Przygotowanie materiału i wykonanie niezbędnych oznaczeń umożliwia uzyskanie wyników BAT w ciągu 2 godzin. Jest to duża zaleta tej metody diagnostycznej w porównaniu z czasochłonnymi próbami prowokacyjnymi. Ograniczeniem jest natomiast konieczność przeprowadzenia oznaczeń w świeżo pobranym materiale, co istotnie zmniejsza możliwość jego transportu do odległego laboratorium. Upływający czas wpływa niekorzystnie na żywotność zawartych w próbce bazofilów. Badanie po 48h przechowania w temp. 4oC powoduje zmniejszenie maksymalnej ekspresji powierzchniowej o 56,1% [10]. Zalecane jest więc przeprowadzenie testu w jak najkrótszym czasie, najlepiej do 24 godzin od pobrania materiału.

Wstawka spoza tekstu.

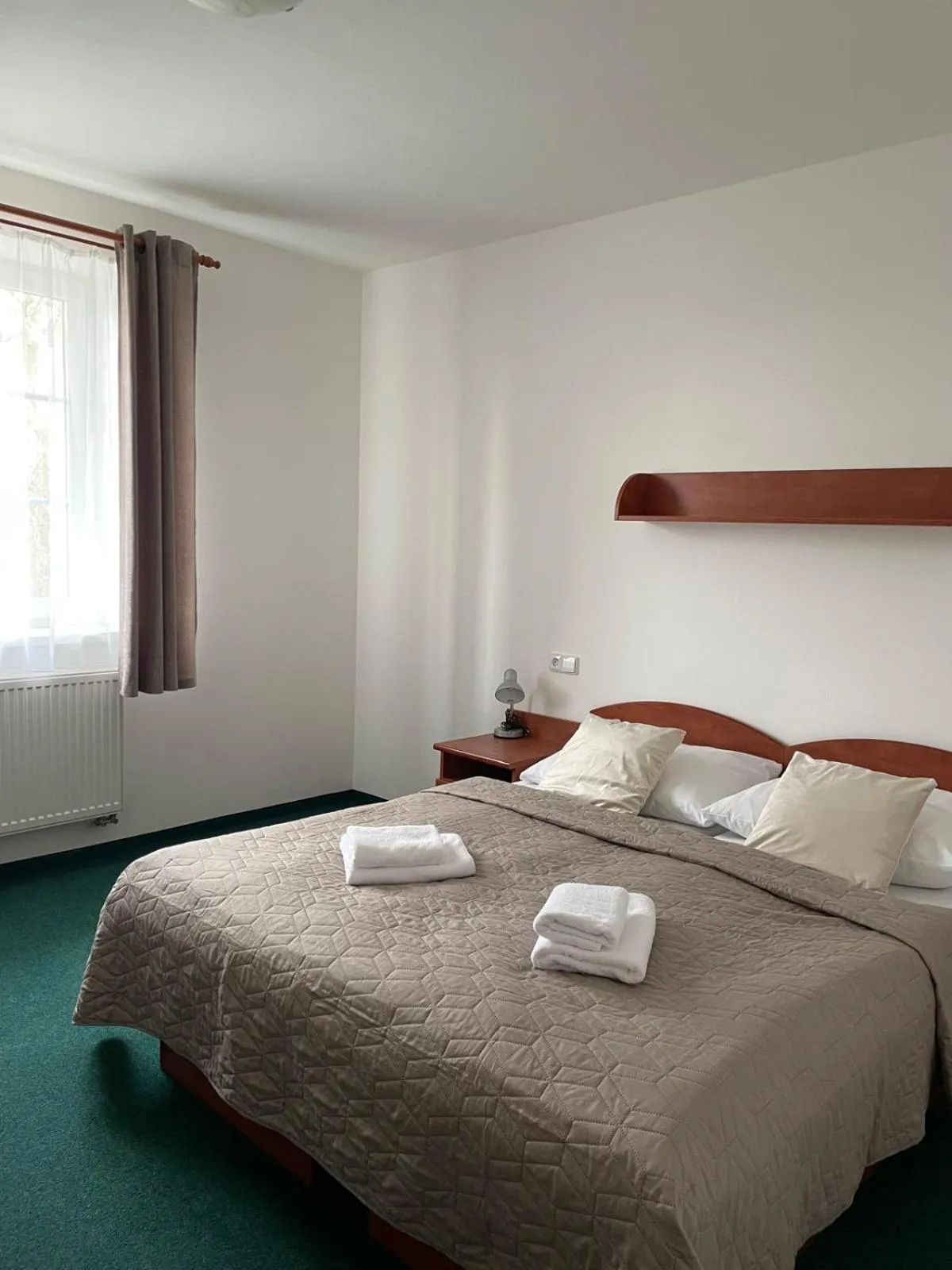 Bed in Hotel Karolina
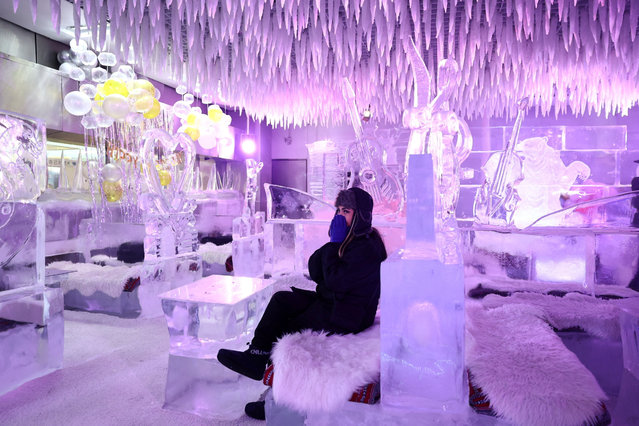 A guest sits on ice sculptor Mark Ranasinghe’s creations in freezing temperatures at Chillout Ice Lounge in Dubai, United Arab Emirates on August 28, 2023. (Photo by Amr Alfiky/Reuters)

Istotnym ograniczeniem testów skórnych oraz prób prowokacji jest konieczność odstawienia leków mogących wpłynąć na ich wyniki. Przed wykonaniem PTS pacjent powinien zaprzestać przyjmowania leków przeciwhistaminowych, glikokortykosteroidów doustnych w dawce większej niż ekwiwalent 10 mg prednizonu czy stosowania na skórę przedramion miejscowo działających steroidów i inhibitorów kalcyneuryny [21]. Do próby prowokacji aspirynowej konieczne jest z kolei odstawienie oprócz leków przeciwhistaminowych, również wziewnych beta agonistów, leków przeciwcholinergicznych, teofiliny oraz leku przeciwleukotrienowego [22]. Odpowiednie przygotowanie pacjenta pod względem modyfikacji leczenia jest zatem wymagane do prawidłowego przeprowadzenia diagnostyki alergologicznej. W pewnych przypadkach pod wpływem zmiany terapii choroby przewlekłej dochodzi do jej zaostrzenia (np. po odstawieniu leków przeciwhistaminowych w przewlekłej pokrzywce), co może uniemożliwić przeprowadzenie diagnostyki.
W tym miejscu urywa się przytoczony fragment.